Agreeing Upfront on the Work, the Lawyers & the Fee? Or Micromanaging Later On?


The Point

A judge’s ruling last week* illustrates which of the above two alternatives is better for the client company.

The court, after reviewing a law firm’s bill in a bankruptcy case, found that AmLaw 100 firm Pillsbury Winthrop Shaw Pittman LLP** had overcharged its debtor client by about $1 million. On a $6.3 million bill†.

Lessons for a client company engaging a law firm:

1. Define the task and sub-tasks before work begins, to maximize the likelihood that the lawyers will understand exactly what you want — and that you will be able to make them accountable for following your wishes.

2. Identify by name or by experience-level which attorney will do what part of the task, to assure promised quality of representation, and to avoid paying partners and other senior attorneys for simple tasks.

3. Make your legal costs predictable by agreeing on the total fee in advance rather than agreeing to pay by the hour (perhaps with a bonus formula based on results).

This Matters to Your Business

From the court’s findings:

1. Define the task and sub-tasks before work begins.

“‘Activity descriptions shall not be ‘lumped’ — each activity shall have a separate description and time allotment’ … A reviewer cannot determine the reasonableness of a task shown in an invoice when it is aggregated with other tasks, as the time spent on a task is of paramount consideration in determining reasonableness ….

“It is not the Court’s job to piece together entries and try to make sense of them. Each entry must be capable of evaluation on its own ….”

“For example, entries that describe the task simply as ‘attention to diligence,’ include no additional information in surrounding entries to indicate what this task might entail.”

2.  Identify by name or experience-level which attorney will do what part of the task. 

“It is clear from the invoices that there was little effort by Pillsbury to staff the case efficiently or ensure that work was delegated appropriately. Each task often had an excessive number of attorneys involved, particularly senior-level attorneys.

“Instead of breaking up the work by topic or into teams with one or two people overseeing everything, Pillsbury often had a large group of people with their hands in everything … Many tasks have far more attorneys involved than is typically necessary.
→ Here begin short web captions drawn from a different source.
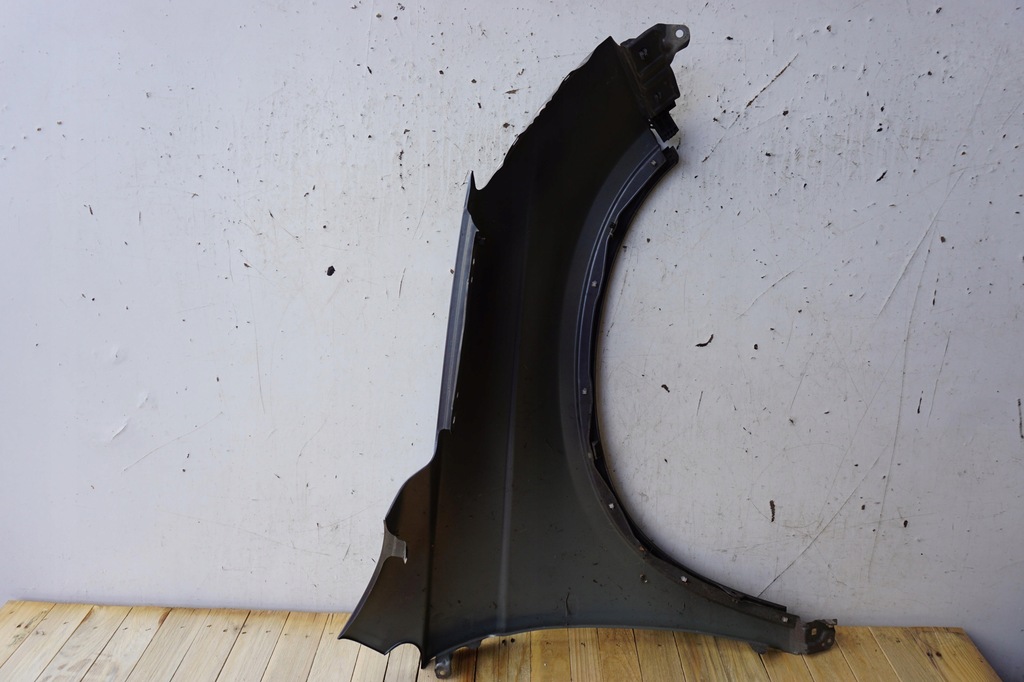 фото №9, Honda cr-v iii крыло передний левый nh737m молдинг 2009rok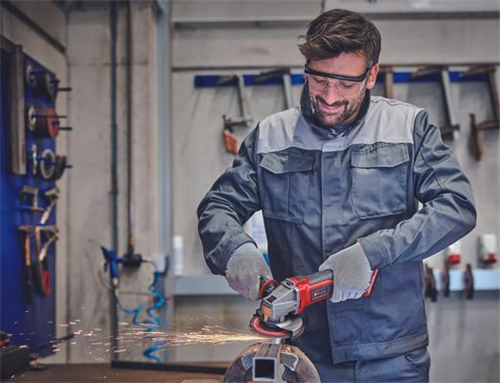 Einhell TE-AG 18/115 Q Lİ Solo Avuç Taşlama 4431165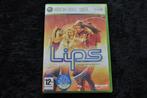 Lips Xbox 360, Verzenden, Nieuw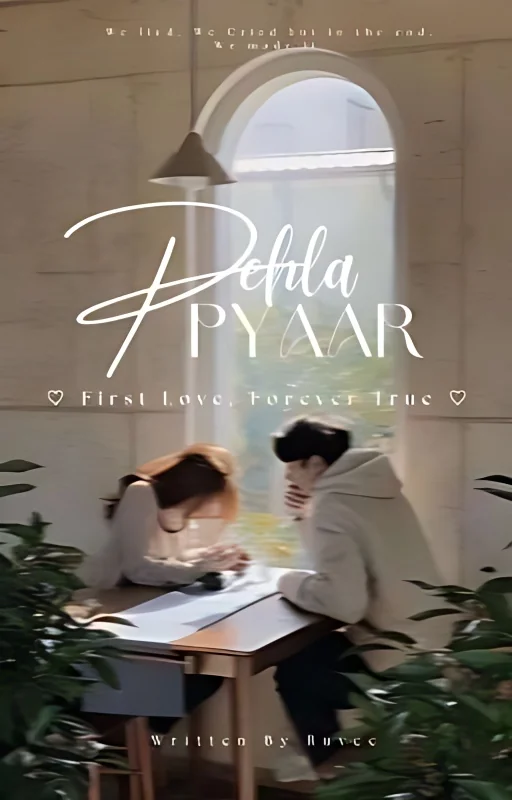 Pehla Pyaar: Fɪʀsᴛ Lᴏᴠᴇ, Fᴏʀᴇᴠᴇʀ Tʀᴜᴇ cover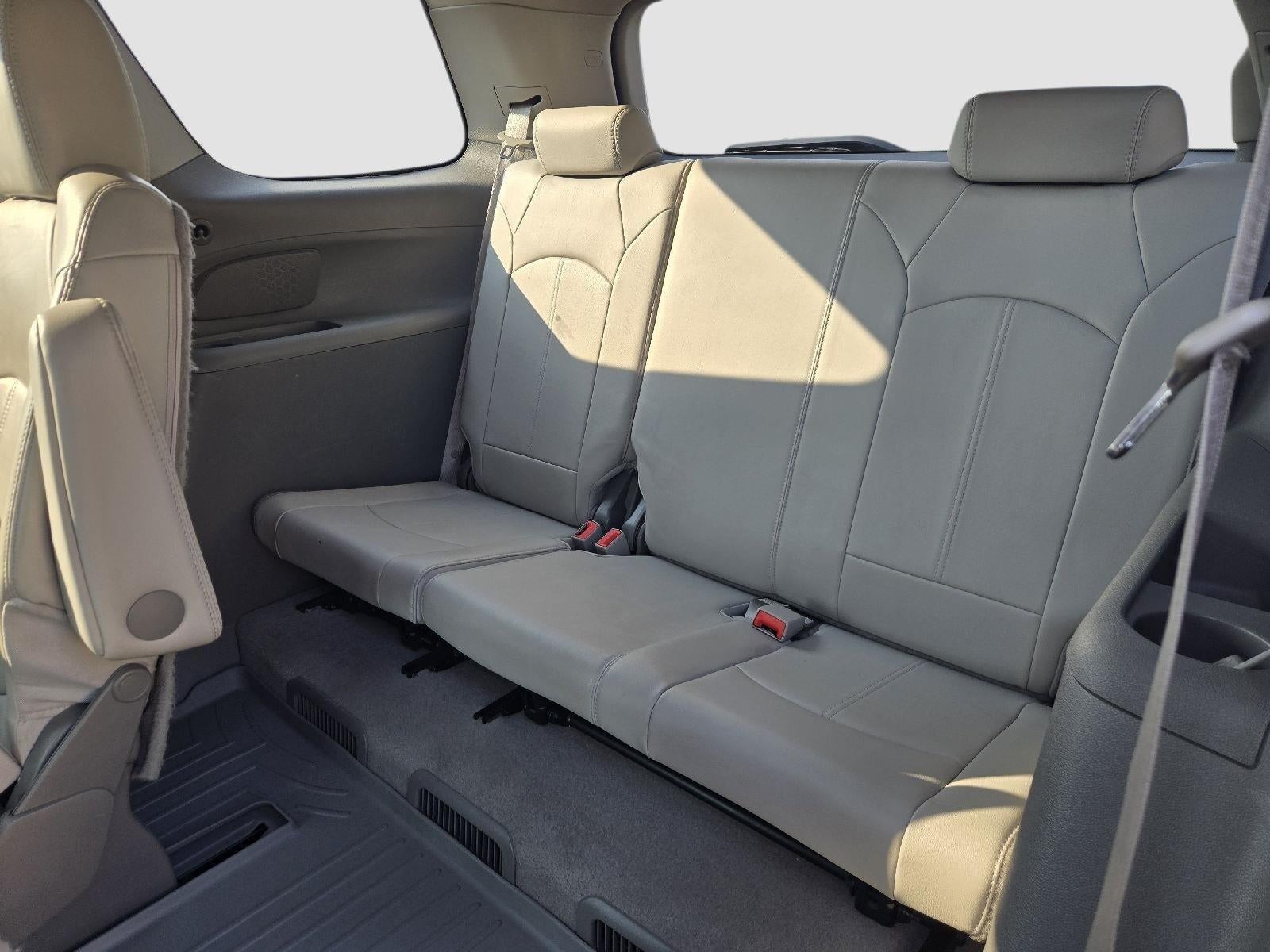 2014 GMC Acadia SLT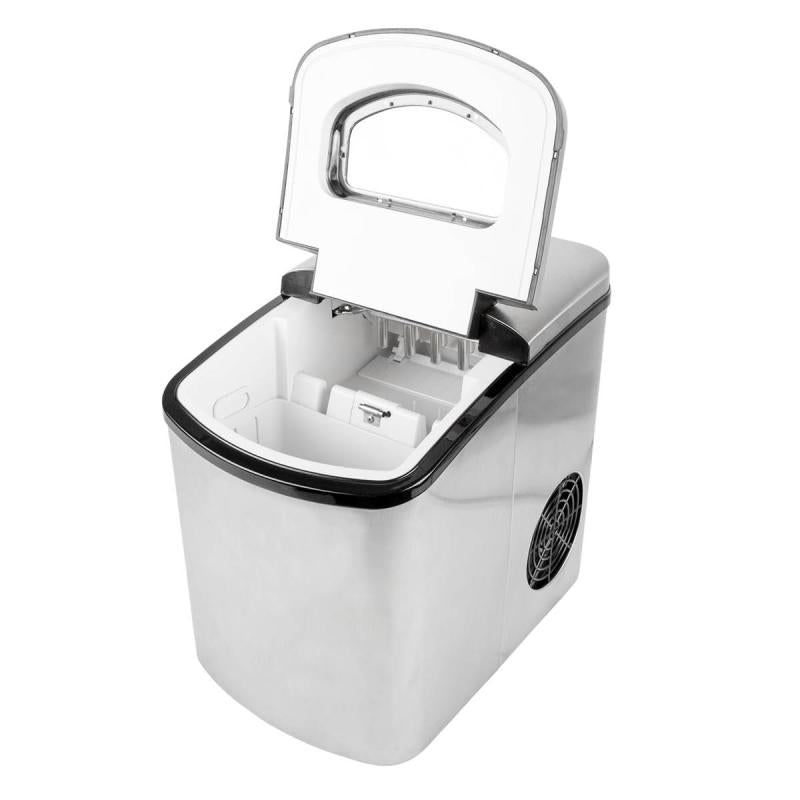 Isbitmaskin m/ 1,7L vanntank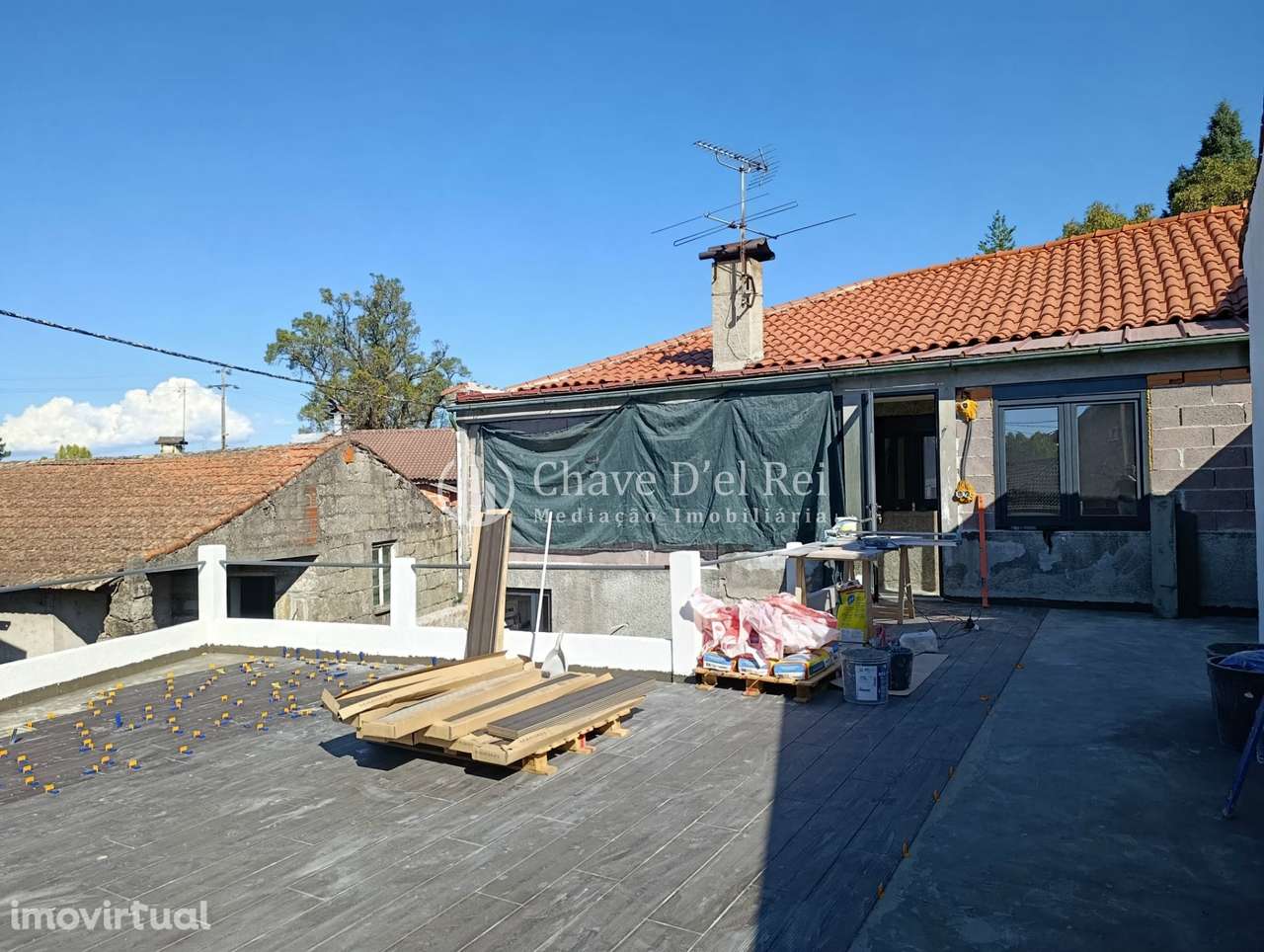 Moradia em Banda T3 Venda em Faíl e Vila Chã de Sá,Viseu - Grande imagem: 2/25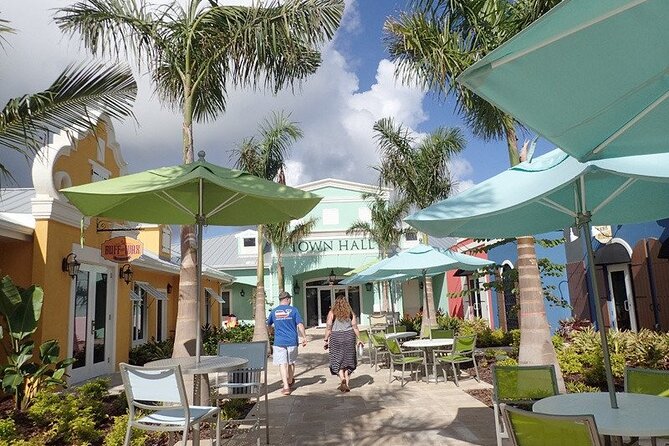 Paradise Taxi & Tours USVI-St. Thomas Airport Transfer to Wyndham Margaritaville - Is $160 good value for your group?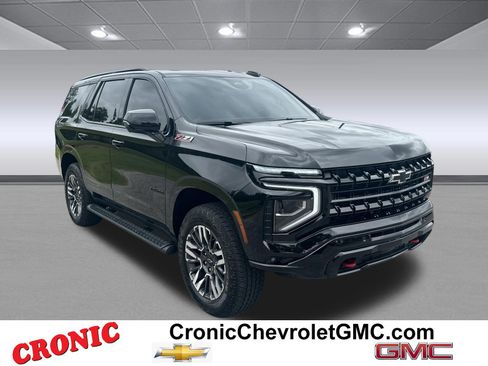 Used 2026 Chevrolet Tahoe Z71 w/ Comfort Package AWD/4WD image 1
“The invoices are also replete with instances of very senior attorneys (partners with more than 20 years’ experience) performing tasks that would be more appropriately assigned to first year associates … Pillsbury’s senior attorneys routinely performed tasks far below their paygrade ….”

3. Make your legal costs predictable by agreeing on the total fee in advance.

The charges at issue here were straight hourly billing.

Because …

The status quo? Corporate legal spending is out of control:

  1. Average legal spending among companies rose 29% year-over-year. June, 2023 Association of Corporate Counsel Benchmarking Report.
  2. Fewer than 30% of companies make their law firms set a budget for tasks assigned to them (let alone manage to that budget afterward). 2023 Thompson Hine survey.
  3. Last year a mere 12.4% of matters assigned to law firms used alternative fee arrangements (fixed fees with a success premium), which are the chief antidote to soaring hourly bills. LexisNexis CounselLink® 2023 Trends Report 

Micromanaging later on doesn’t work.

No outside counsel guidelines, however cleverly worded, or after-the-fact billing audits, however relentlessly pursued, or complaints from the client company, made once the bill comes — can overcome the billable hour business model’s structural impediments and disincentives to truly fiduciary client service.


* In Re: SC SJ Holdings LLC, et al, U.S. Bankruptcy Court for the District of Delaware, filed July 11, 2023. No opinion posted on internet at time of this article’s publication. Official federal source available at time of publication at https: // Also available at time of publication: Pillsbury’s Fees Docked by Bankruptcy Judge for “Over-Lawyering”, Bloomberg Law, July 12, 2023 (subscription required); Pillsbury’s Fee Slashed for “Over-Lawyering”, Law 360, July 12, 2023 (subscription required).

** Rated number 65 among the 100 highest grossing law firms in the United States.

† In a Chapter 11 reorganization, the debtor’s legal bills must be submitted to the court for review before payment, in order to assure their reasonableness, so as to distribute the bankruptcy estate fairly according to the law.